Work item
The answer should hold only the lines from the one containing "rear view of house with a patio and a lawn" through the one containing "Zwei Fahrradschlösser, ein" in the entries below, copied exactly, without pictures.

Extracted entries

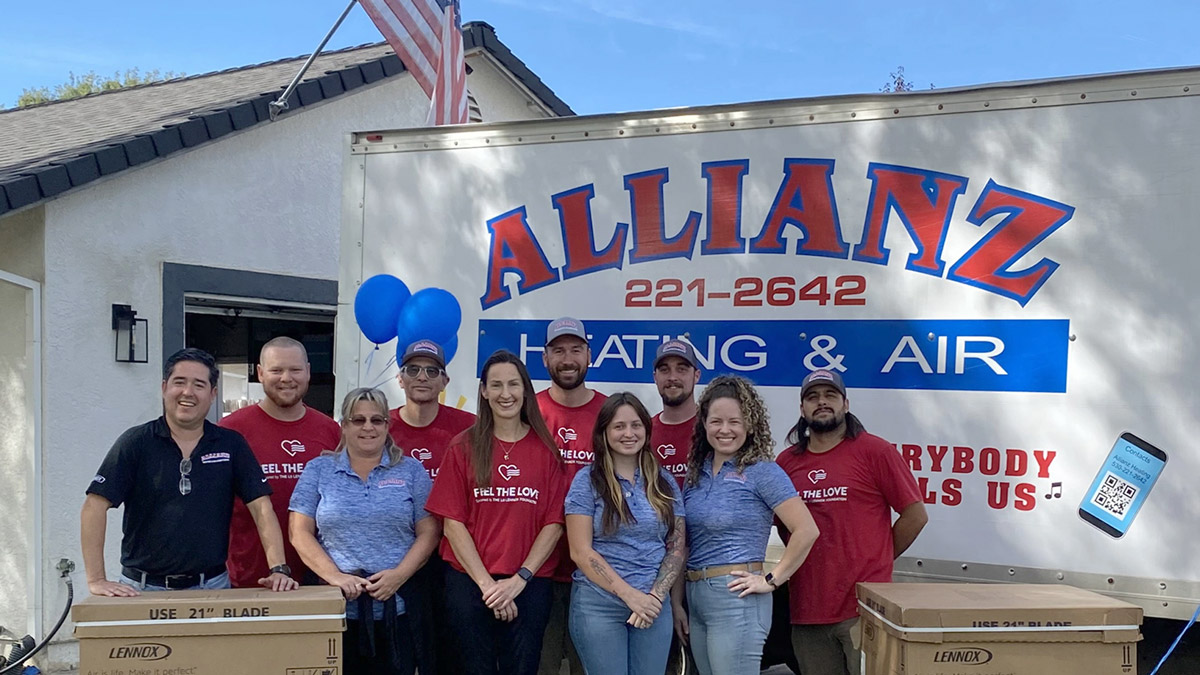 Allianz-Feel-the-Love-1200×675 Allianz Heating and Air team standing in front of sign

--

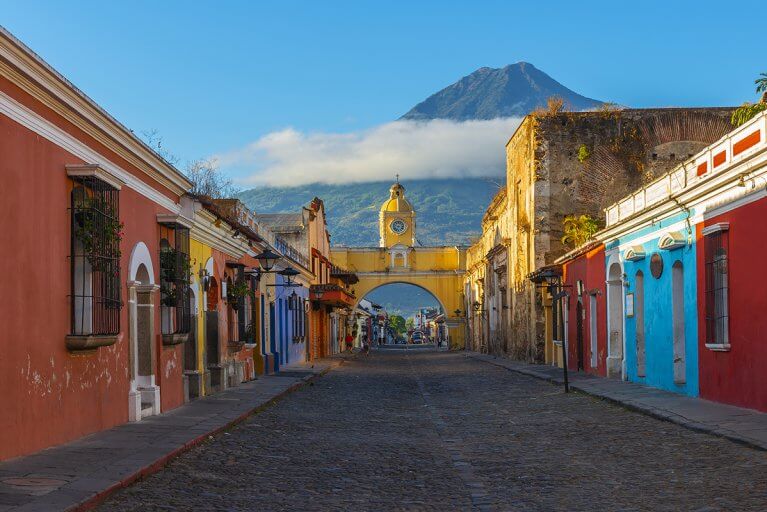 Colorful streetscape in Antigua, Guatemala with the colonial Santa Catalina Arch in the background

* * *

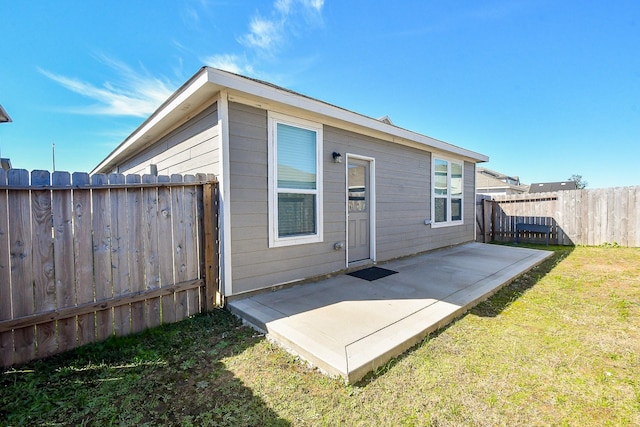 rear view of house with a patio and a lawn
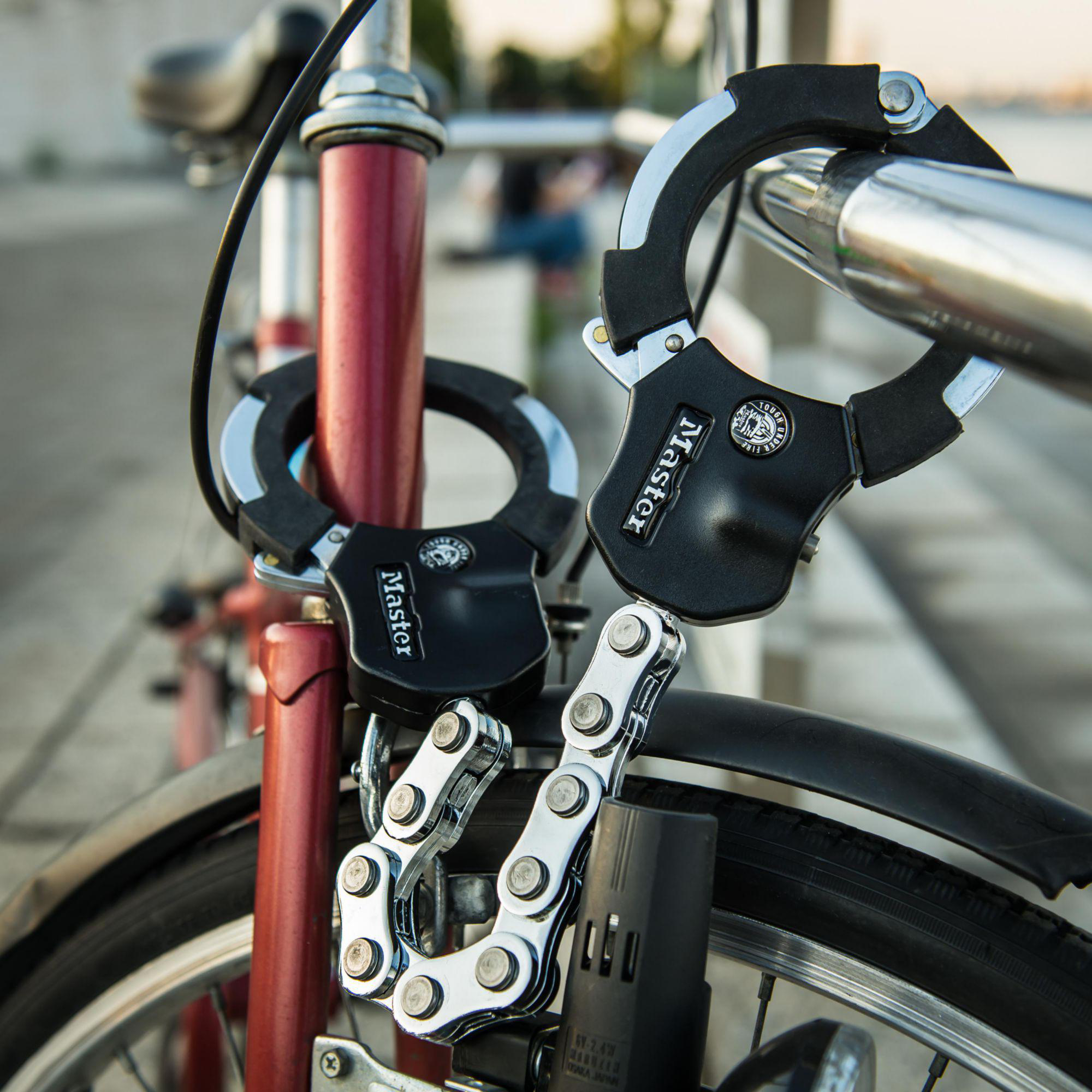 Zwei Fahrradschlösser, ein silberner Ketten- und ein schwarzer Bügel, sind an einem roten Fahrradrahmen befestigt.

Answer for the task
 rear view of house with a patio and a lawn
 Zwei Fahrradschlösser, ein silberner Ketten- und ein schwarzer Bügel, sind an einem roten Fahrradrahmen befestigt.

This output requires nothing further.